Labour selecting pro-independence candidates might just be a genuinely historic moment for Wales
Three weeks after I wrote a blog post questioning the effectiveness of independence supporters organising within Labour, it seems I’ve changed my tune. Or perhaps Labour for an Independent Wales have taken my criticism on board. Either way, it’s hard to ignore the news that Labour are continuing to select pro-independence candidates for this year’s Senedd elections.
Dylan Lewis-Rowlands’s selection as the Labour candidate for Ceredigion gives Labour for Independence their first constituency candidate, supplementing Ben Gwalchmai’s selection on the Mid and West Wales list and giving pro-independence candidates an added prominence that even I – a rare defender of our mixed-member electoral system – have to acknowledge.
And perhaps more importantly, it shows that Ben Gwalchmai’s selection was not a one-off: this is the first sign that the support for independence among Labour’s voters is starting to gain representation among Labour’s members, and subsequently among Labour’s candidates. Neither Lewis-Rowlands nor Gwalchmai has any real chance of getting elected this year, but – for perhaps the first time – it’s not completely unthinkable that there might be an independence supporter among Labour’s elected representatives in the future.
Without trying to be needlessly melodramatic, I don’t think it’s unreasonable to place Ceredigion 2021 alongside moments like Carmarthen 1966 – the by-election which saw Gwynfor Evans elected as the first Plaid Cymru MP. Back then, the historic moment was the people of Wales electing a first MP from a party which supported, or would at least countenance, an independent Wales. Now, we have a party which has historically been – a majority of it still is – a unionist party, unfazed by selecting candidates who support independence.
Let’s be clear: this was the party of George Thomas. It still is the party of the likes of Neil Kinnock and Gordon Brown. For about a century it has been Wales’s leading pro-UK party, yet a section of its membership in Wales has been quite happy to select candidates who actively support breaking the UK up. That’s not to say that a majority of Labour’s membership necessarily back independence, or that issue decided the selection – I wasn’t there and I don’t know – but evidently opposing the UK is no longer a deal-breaker.
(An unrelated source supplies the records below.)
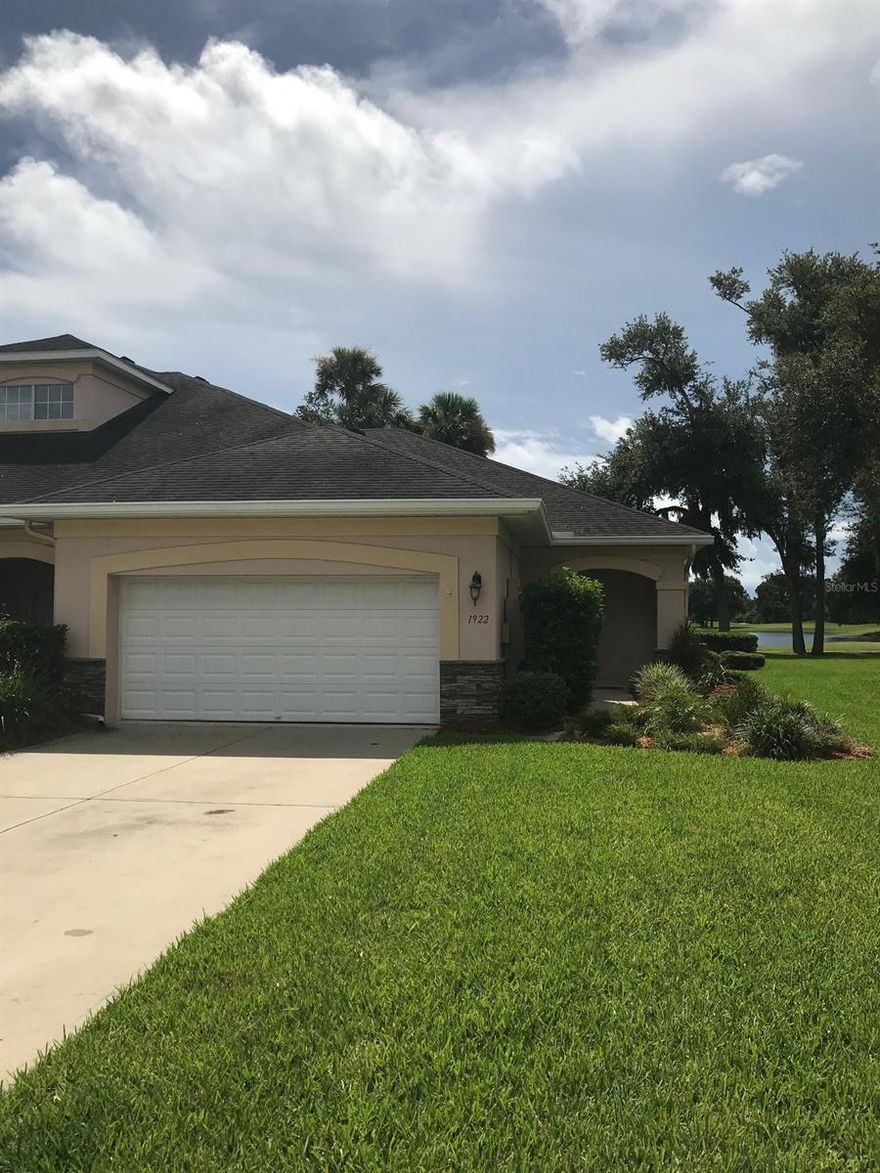 This is a Lovely 2 bedroom 2 bath end unit! It has a great open layout with a nice screened in porch with an awesome view of the golf course and pond.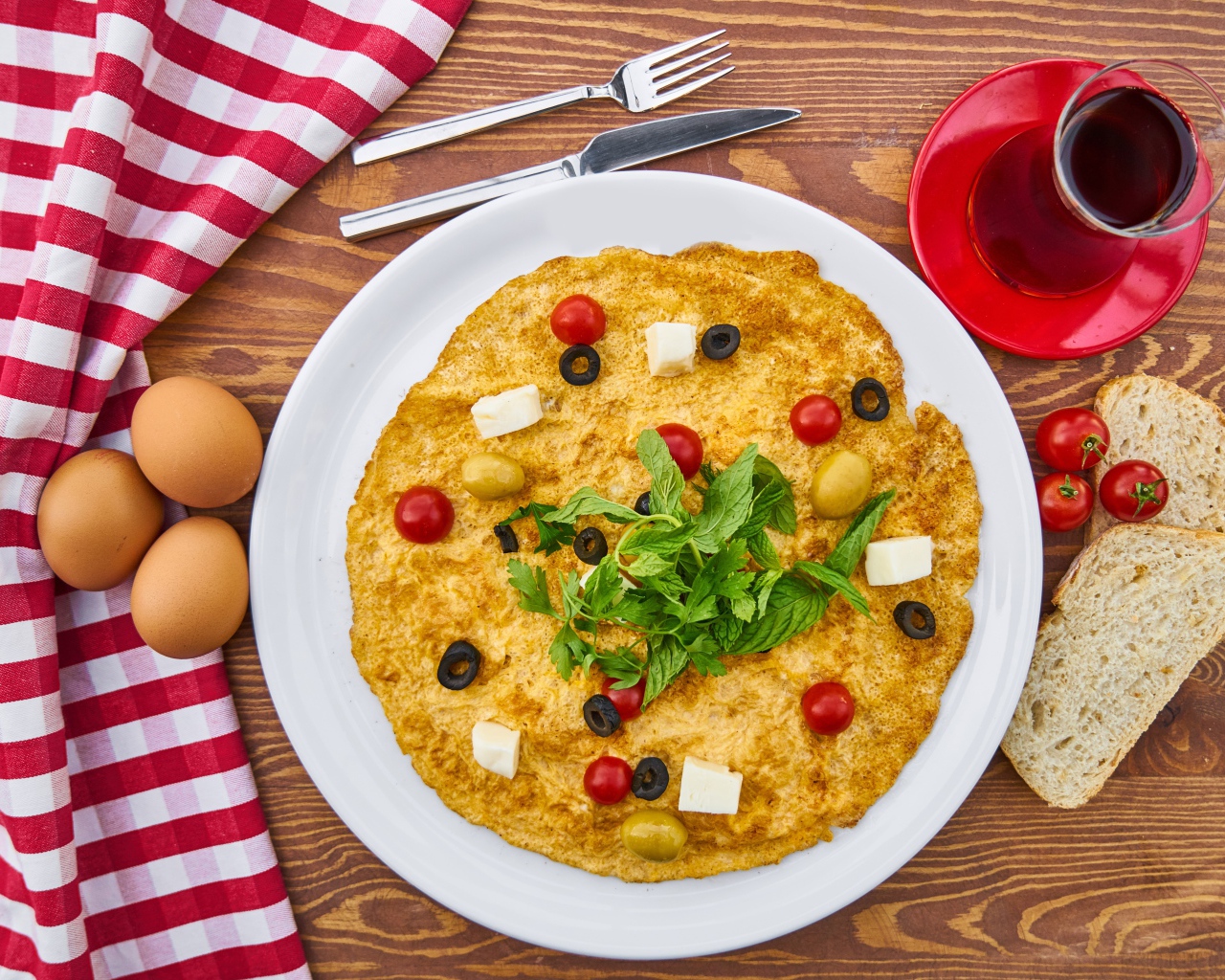 Omelet on the table with tea, tomatoes, eggs and bread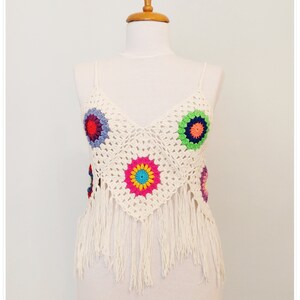 Puede incluir: Top blanco de crochet con detalles florales coloridos y ribete de flecos.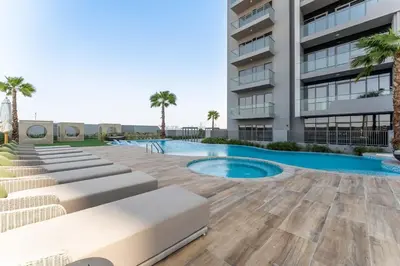 a building with a swimming pool next to a building at 1BDR with Gym, Sauna, Pool - Opposite Circle Mall in Dubai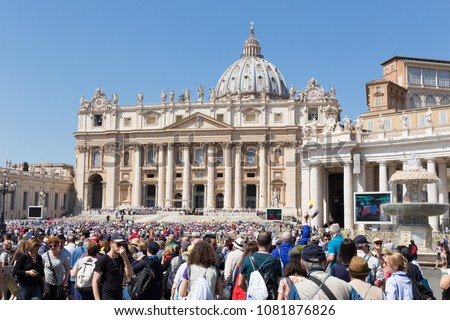Front view of St. Peters basilica from St. Peter\'s square in Vatican City, Vatican.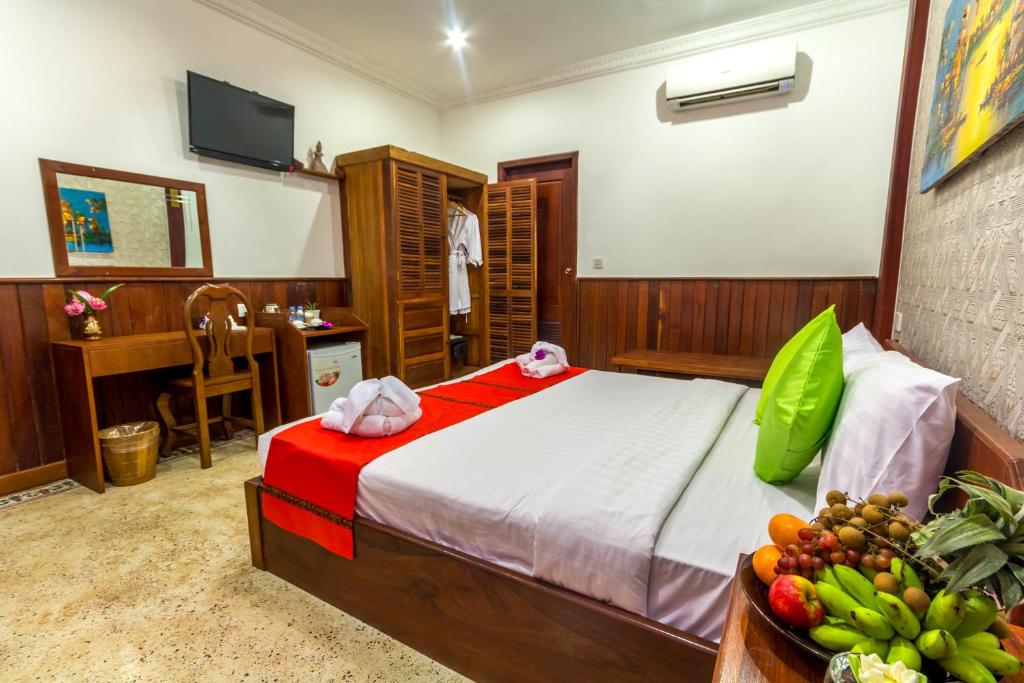 Postel nebo postele na pokoji v ubytování BayStone Resort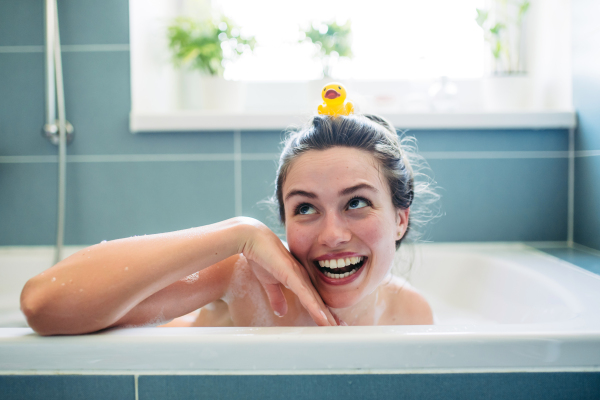 Beautiful young woman in bathtub with rubber duck on head. Enjoying a bubble bath, smiling, having fun.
It’s worth reflecting on how Wales compares to Scotland in that regard. Imagine if Scottish Labour selected a pro-independence candidate for this year, even in an unwinnable seat. It would be practically unimaginable, even scandalous! Welsh Labour is simply in a different place to Scottish Labour on this issue, a position borne of twenty years of Clear Red Water and an ability to continually shift on matters constitutional as Welsh voters’ views change and develop.
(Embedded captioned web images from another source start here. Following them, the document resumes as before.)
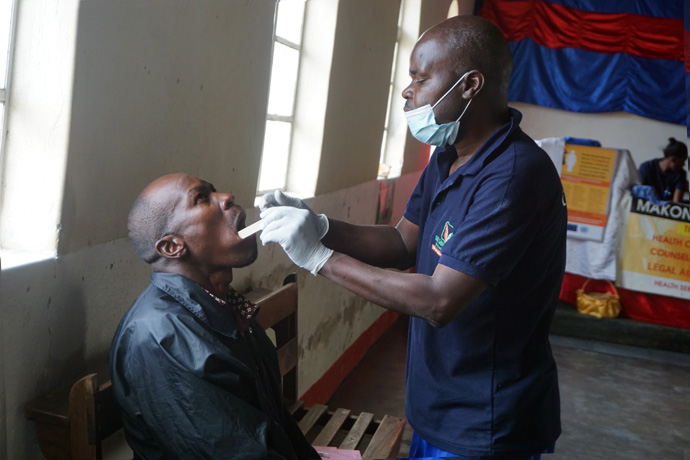 Dental therapist Strerlock Gondo attends to Galenth Mungure during a medical outreach program  sponsored by Runyange United Methodist Church in a remote area near Rusape, Zimbabwe. The program enabled villagers to get medical treatment without incurring costs of transport or hospital fees. Photo by Kudzai Chingwe, UM News.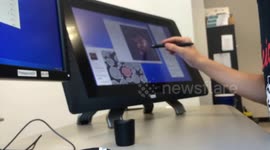 Time lapse of worker on touch screen with stylus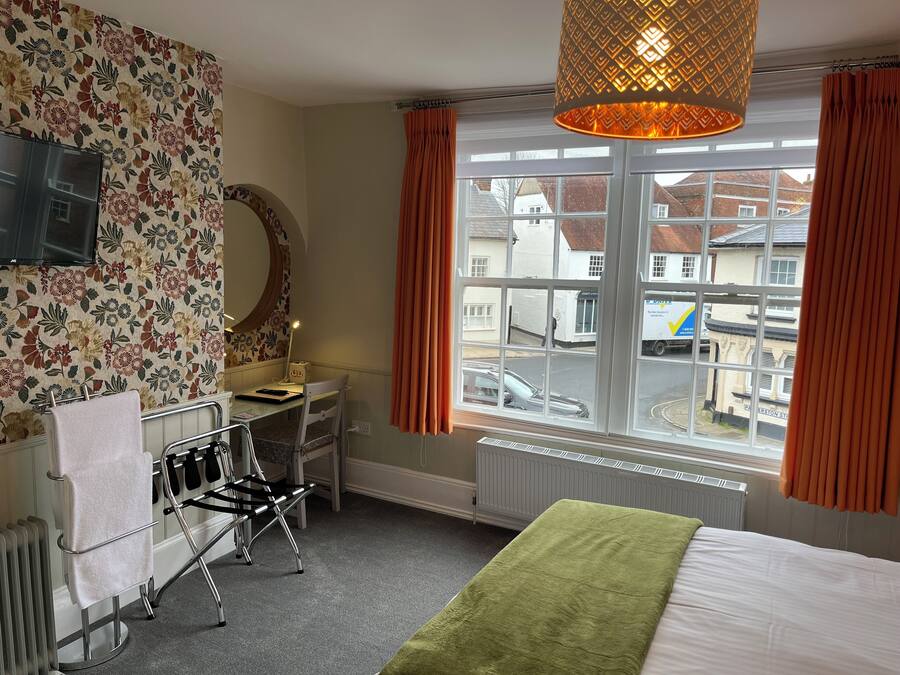 A hotel room with a bed, a desk with a chair, a large mirror, a radiator, and a window with curtains.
It also raises questions for Plaid Cymru and the way they might bring about independence. The party effectively advocates taking the Scottish route to independence, with a single pro-independence party – Plaid Cymru itself – displacing unionist MSes, predominantly Labour ones, winning a majority and delivering an independence referendum. Yet, to date, there is no evidence that Plaid is able to displace Labour wholesale from the areas that it would need to win to form anything close to a majority government.
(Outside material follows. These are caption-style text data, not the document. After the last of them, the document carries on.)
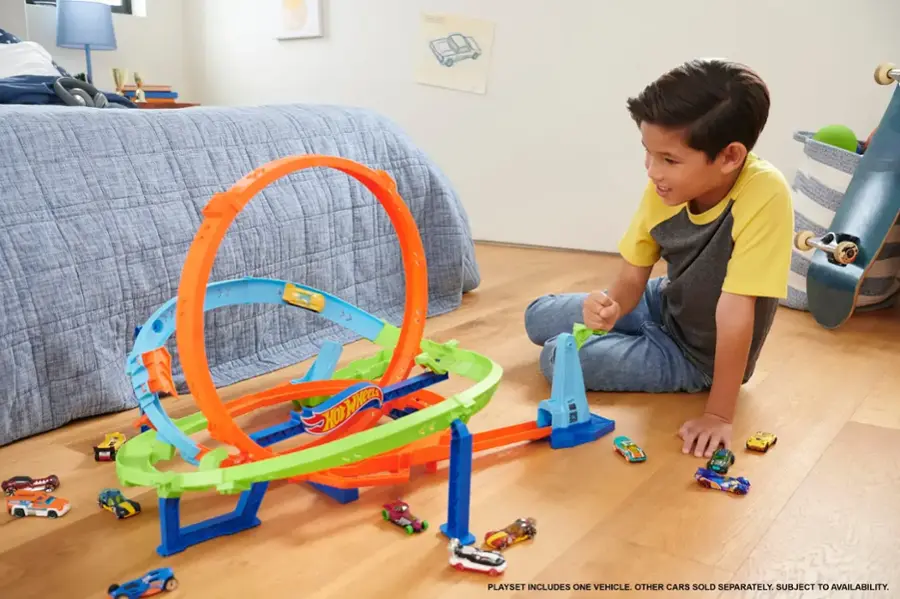 The image shows a young boy playing with a toy train set on a hardwood floor. The train set includes one vehicle, and other cars are sold separately. The availability of the toy cars is subject to availability.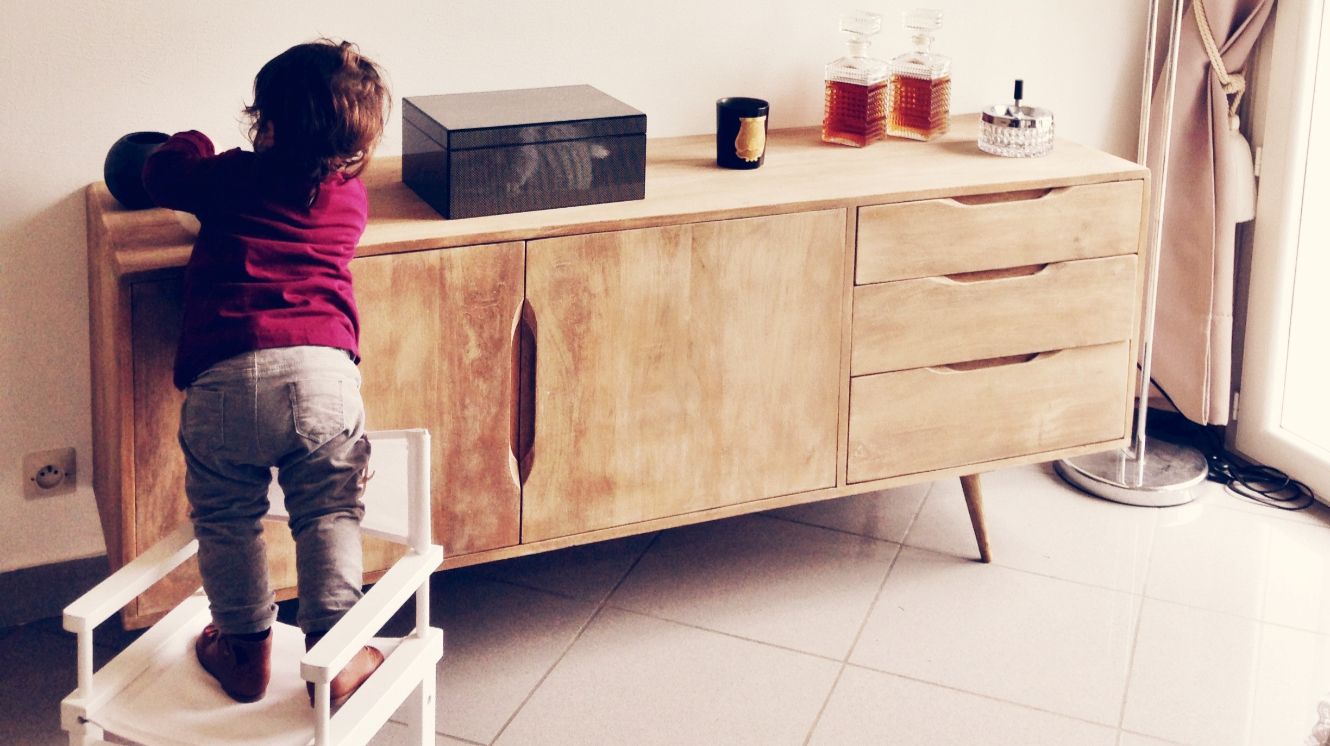 a young child standing on a chair to reach something on a cabinet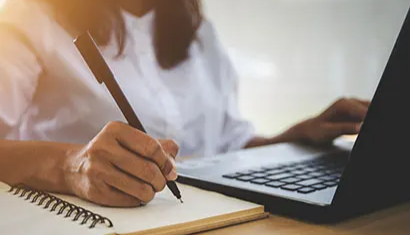 person writing with pen in notepad while using laptop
In light of today’s news, you could suggest a different role for Plaid Cymru – to do to Labour something like what UKIP did to the Conservatives to deliver Brexit. In doing so they would accept that, just as UKIP were never going to win a Commons majority, Plaid couldn’t win the Senedd majority needed for them to call a referendum, so would instead aim to win enough of the Labour vote in places where it counts to spook Labour into a more accommodating position on independence. This would be much easier to attempt if there were a few Douglas Carswells or John Redwoods – long-standing campaigners for a referendum – elected to the Welsh Labour backbenches.
But Plaid Cymru is a very different rival to Labour than UKIP was to the Tories. Labour are surely too used to fighting elections against, and beating, Plaid to fear a sudden Plaid insurgency and shift their policy enough. Despite the jibes, Plaid are also not enough of a single-issue party to prioritise independence over power – quite understandably, like most parties, their main aim is to win as many seats as they can.
It may also be that I am getting carried away here. Perhaps this is only a flash in the pan, a false start. It may be that pro-independence Labour candidates remain a feature of the odd unwinnable seat or the bottom of regional lists. Who knows what the media’s reaction might be to pro-independence Labour candidates if independence were as big an issue as it is in Scotland? A pro-independence Labour minister seems quite a way off yet.
The real test remains whether we see a first pro-independence Labour MS take their seat in the Siambr – not this year, but maybe in five years’ time.
That would truly transform the nature of the campaign for independence, and signal a huge break with the path Scotland looks to be taking. But when historians look for the moment where Labour openly acknowledged that it was not as unanimous in its loyal defence of the UK union as it had previously let on, 2021 would have to be a very strong candidate.